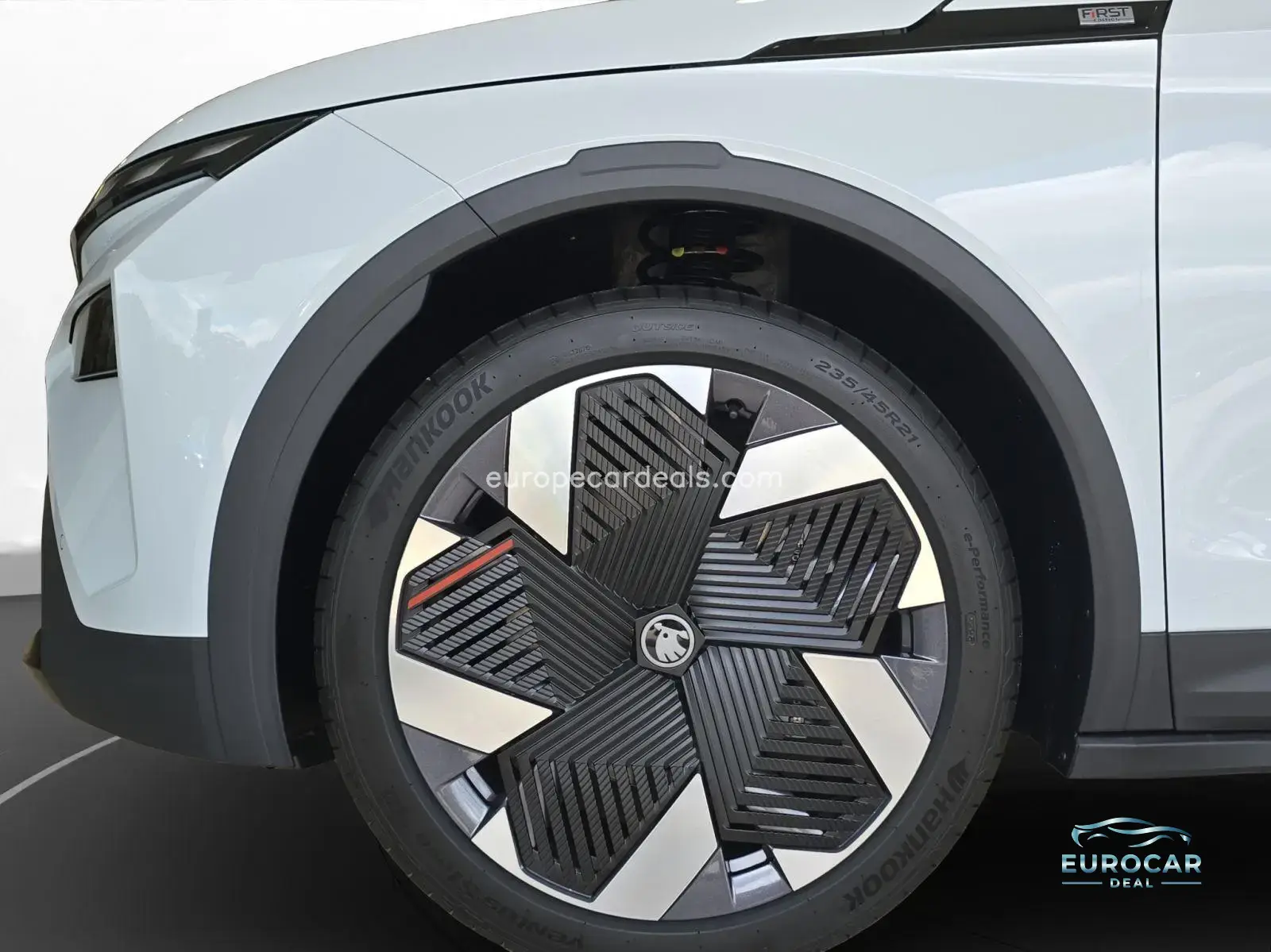 Skoda Elroq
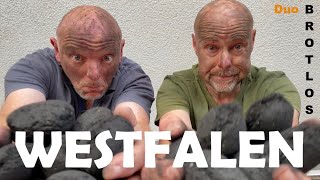 (Duo) Brotlos - WESTFALEN (Offizielles Video)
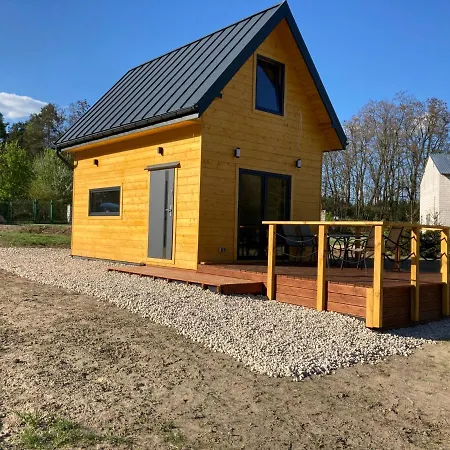 Domek Nad Rzeka Wierzchlas Exterior photo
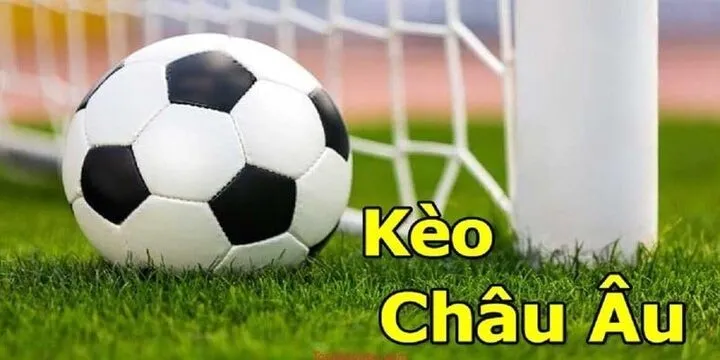 Cách tính tiền thắng khi bắt Kèo châu Âu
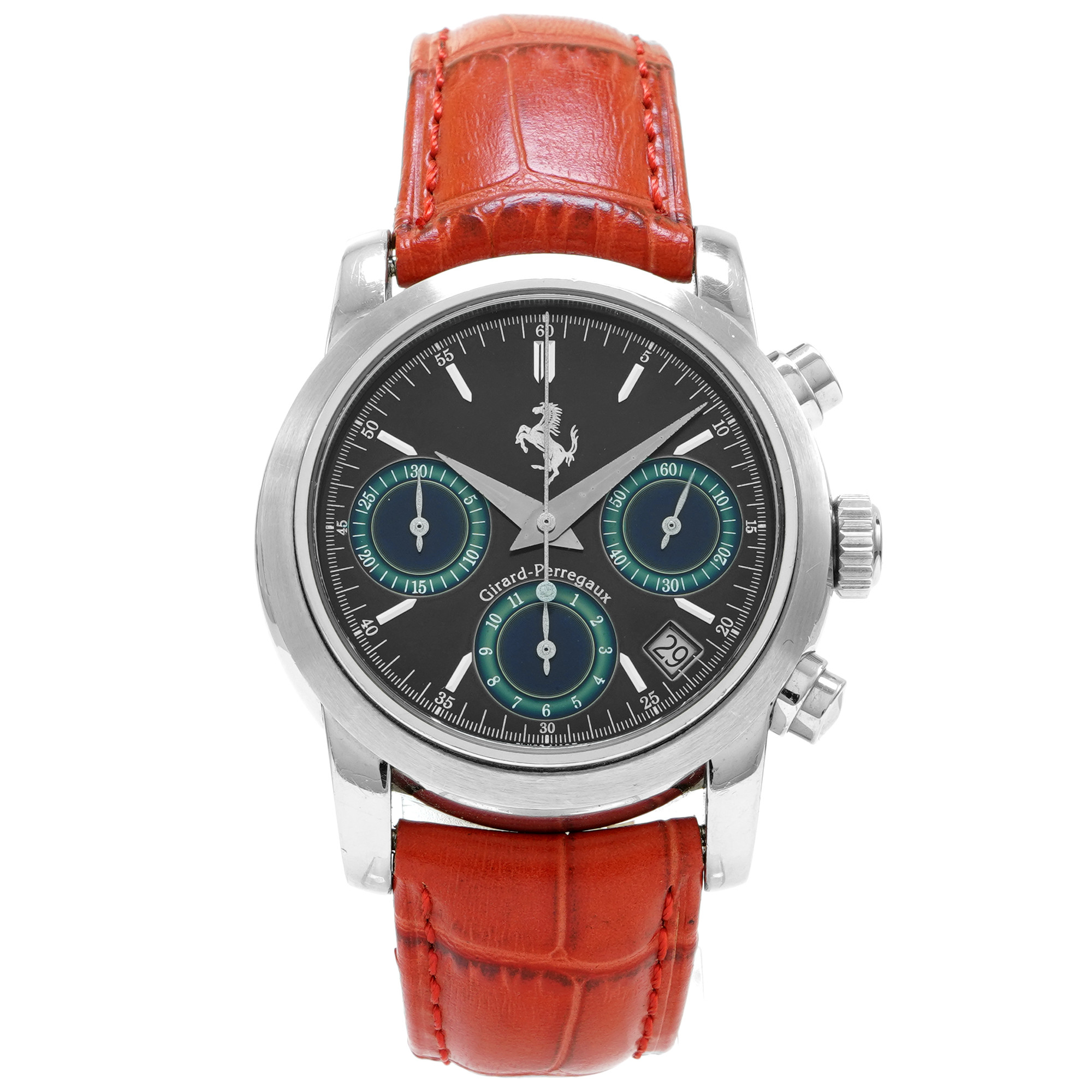 Girard Perregaux Ferrari Chronograph 8020 - Inventory 8057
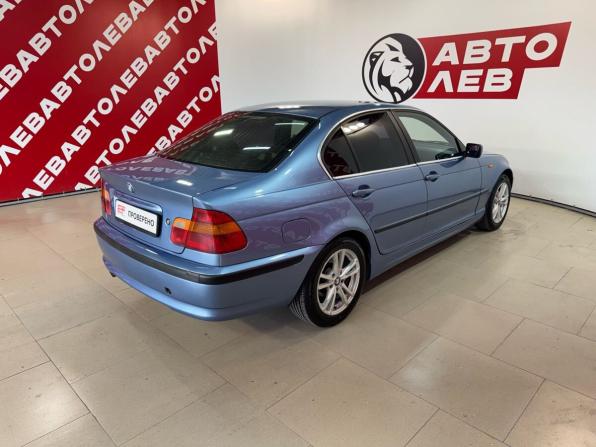 BMW 3 серии IV (E46) Рестайлинг с пробегом 2002 года, цена 720 000 рублей, 502612 км, седан, Автокод Объявления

☆ ☆ ☆

• What you have to do: Find the line with "(Duo) Brotlos - WESTFALEN". Return it and each line after it through the end of the data, exactly, without pictures.

• Expected answer:
 (Duo) Brotlos - WESTFALEN (Offizielles Video)
 Domek Nad Rzeka Wierzchlas Exterior photo
 Cách tính tiền thắng khi bắt Kèo châu Âu
 Girard Perregaux Ferrari Chronograph 8020 - Inventory 8057
 BMW 3 серии IV (E46) Рестайлинг с пробегом 2002 года, цена 720 000 рублей, 502612 км, седан, Автокод Объявления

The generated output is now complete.